Power of the Collective: Modular Robot Boosts Resilience by Sharing Resources

Modular robotics promises versatile machines that can reconfigure for diverse tasks, yet each added unit introduces a new point of failure. Traditional designs rely on isolated power supplies and sensors, so a single malfunction can cripple the entire system. This reliability gap has constrained adoption in sectors such as logistics, infrastructure inspection, and planetary exploration, where uninterrupted operation is critical.

The EPFL team tackled the problem with a concept they call hyper‑redundancy, which distributes power, communication, and sensing capabilities across every module in real time. In a controlled locomotion test, the four‑piece Mori3 robot lost all resources in its central module, a condition that would normally halt movement. By allowing neighboring modules to share their own resources, the robot not only kept walking but also reshaped itself to pass under an obstacle, effectively “reviving” the dead unit. The results, published in Science Robotics, demonstrate a clear reversal of the failure‑rate curve as the number of modules increases.

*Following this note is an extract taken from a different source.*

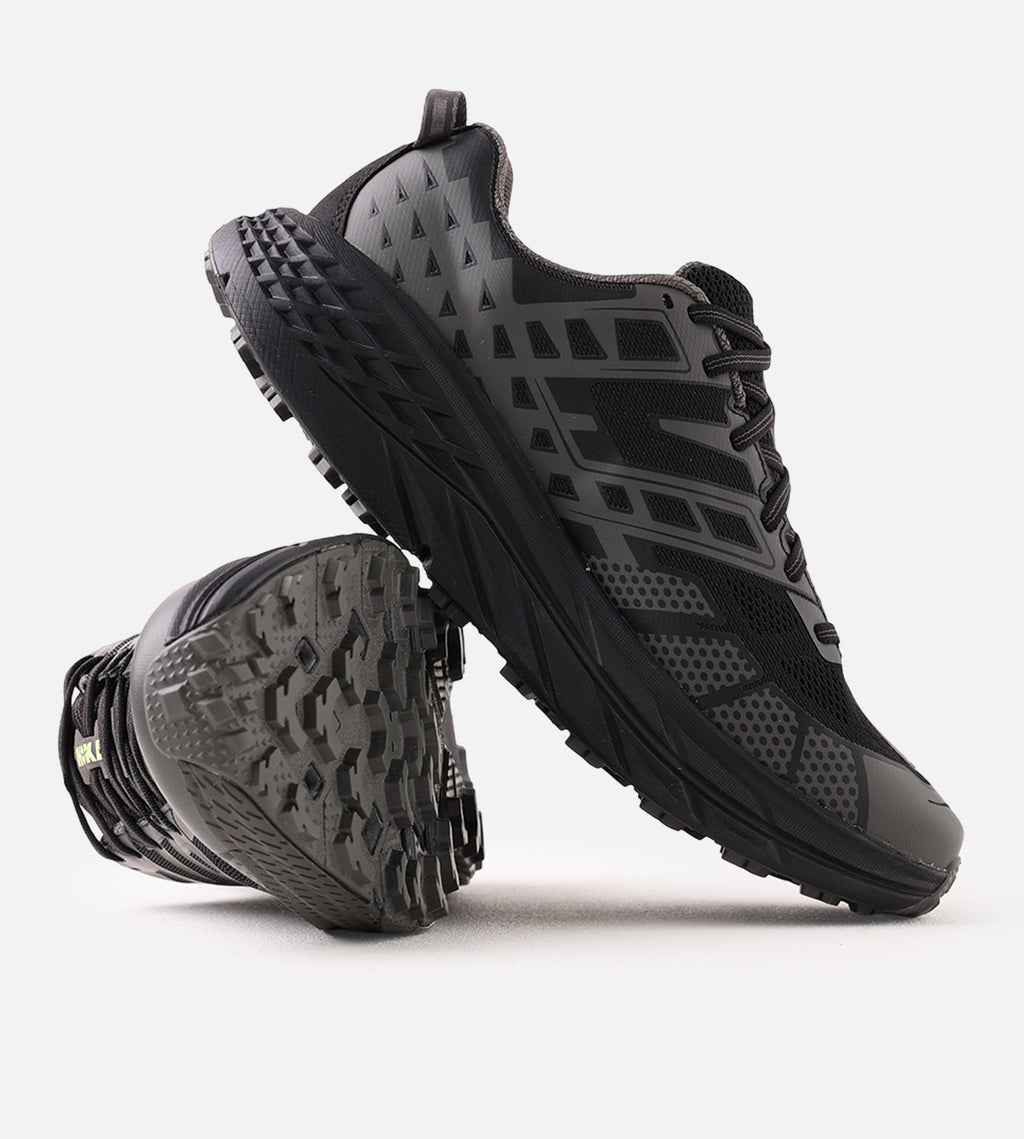 Hoka U Speedgoat 2 Black Asphalt Grey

Looking ahead, this collective‑resource model could transform swarm robotics, where dozens or hundreds of small agents operate together. If each robot can dock and exchange energy or data on demand, fleets become self‑healing and far less dependent on external charging stations or centralized control. Industries ranging from warehouse automation to offshore maintenance stand to benefit from robots that maintain functionality despite harsh environments or component wear, potentially lowering operational costs and extending mission lifespans.